WHAT NEEDS TO BE DONE: Write out the listing below without alteration, omitting its pictures.

EXERCISE DATA:
________

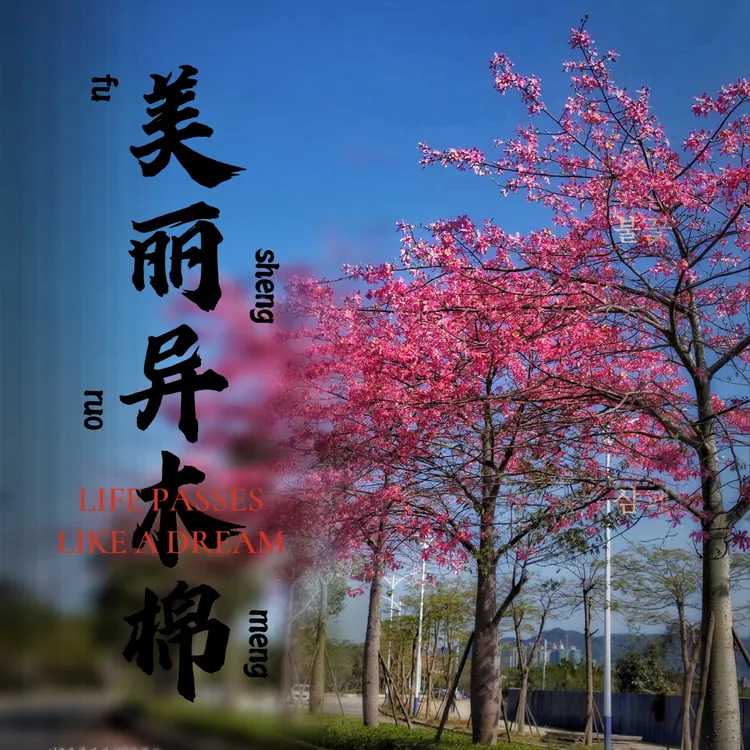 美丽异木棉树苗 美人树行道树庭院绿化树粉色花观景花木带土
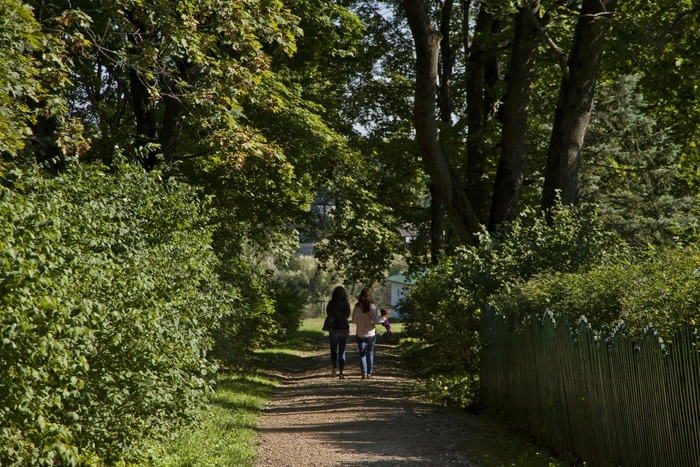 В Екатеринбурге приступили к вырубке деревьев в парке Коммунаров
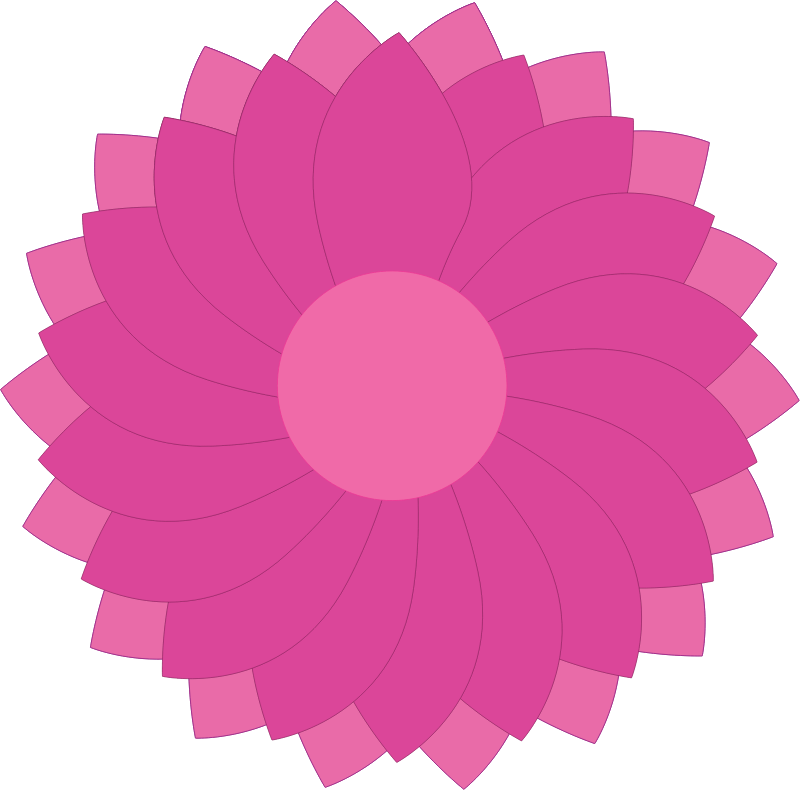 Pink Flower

________

ANSWER:
 美丽异木棉树苗 美人树行道树庭院绿化树粉色花观景花木带土
 В Екатеринбурге приступили к вырубке деревьев в парке Коммунаров
 Pink Flower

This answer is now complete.